■ Work instruction
Everything from the line with "The Best Time" to the line with "Giáo án điện" in the listing below, both lines included, needs to be copied exactly, apart from the pictures.

■ Records for the task
+-------+

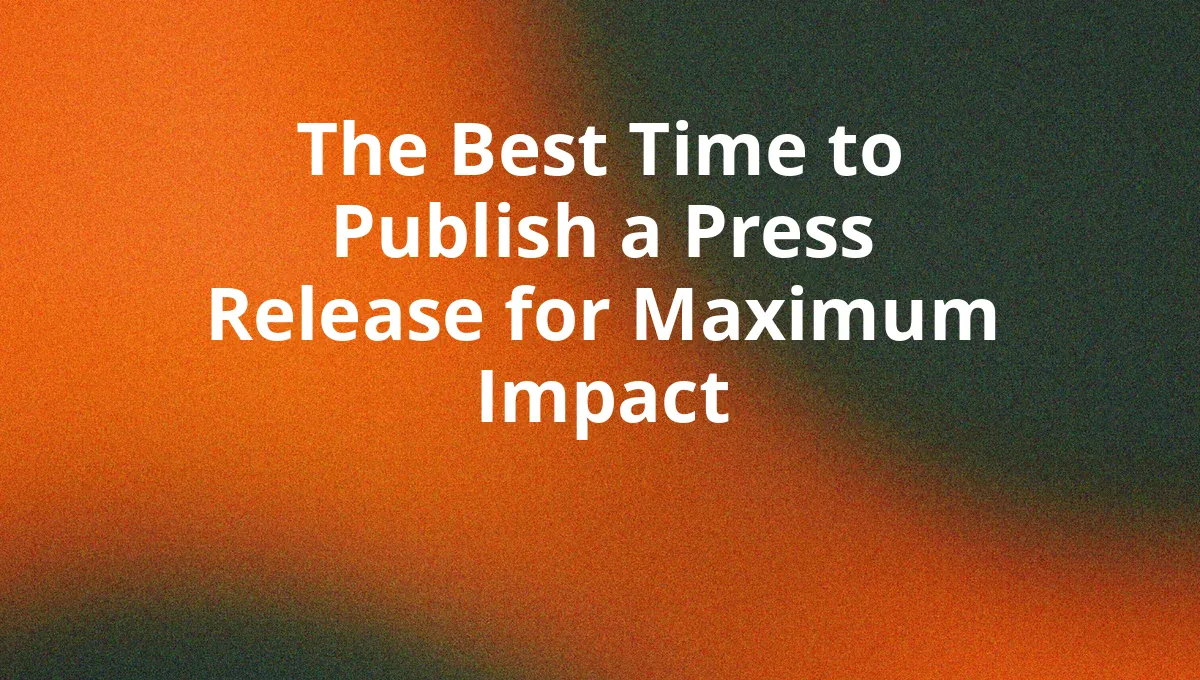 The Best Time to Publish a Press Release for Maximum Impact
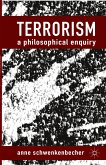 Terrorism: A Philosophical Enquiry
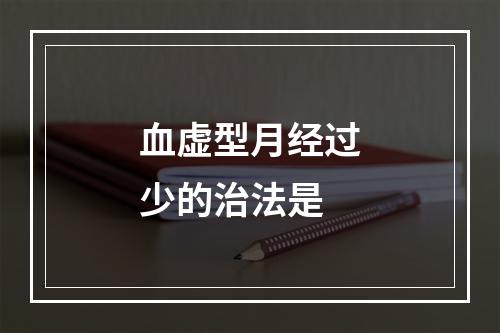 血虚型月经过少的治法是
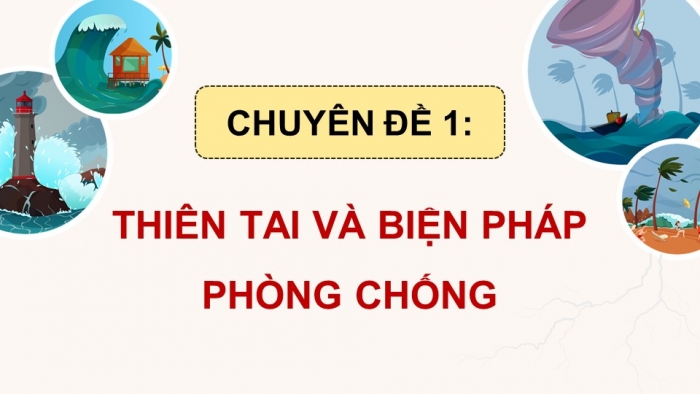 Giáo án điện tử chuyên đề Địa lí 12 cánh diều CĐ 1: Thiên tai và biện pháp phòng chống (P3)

+-------+

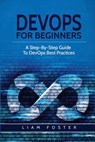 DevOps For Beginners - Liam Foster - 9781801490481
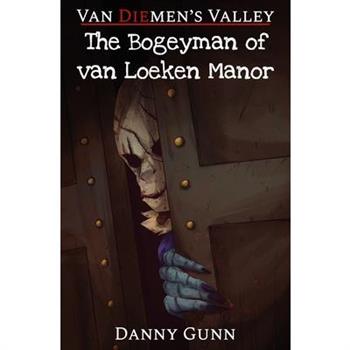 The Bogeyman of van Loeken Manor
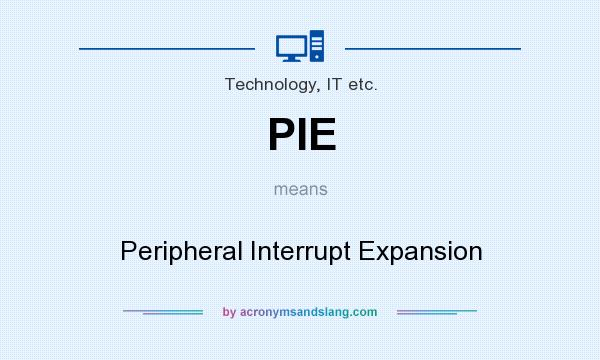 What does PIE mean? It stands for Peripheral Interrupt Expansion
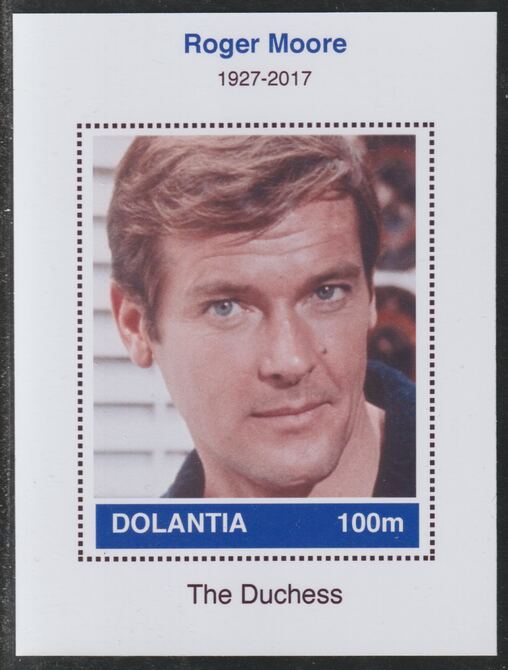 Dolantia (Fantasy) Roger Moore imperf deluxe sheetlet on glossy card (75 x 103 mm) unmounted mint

+-------+

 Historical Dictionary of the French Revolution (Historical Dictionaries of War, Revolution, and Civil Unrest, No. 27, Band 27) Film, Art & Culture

+-------+

■ Your solution
 The Best Time to Publish a Press Release for Maximum Impact
 Terrorism: A Philosophical Enquiry
 血虚型月经过少的治法是
 Giáo án điện tử chuyên đề Địa lí 12 cánh diều CĐ 1: Thiên tai và biện pháp phòng chống (P3)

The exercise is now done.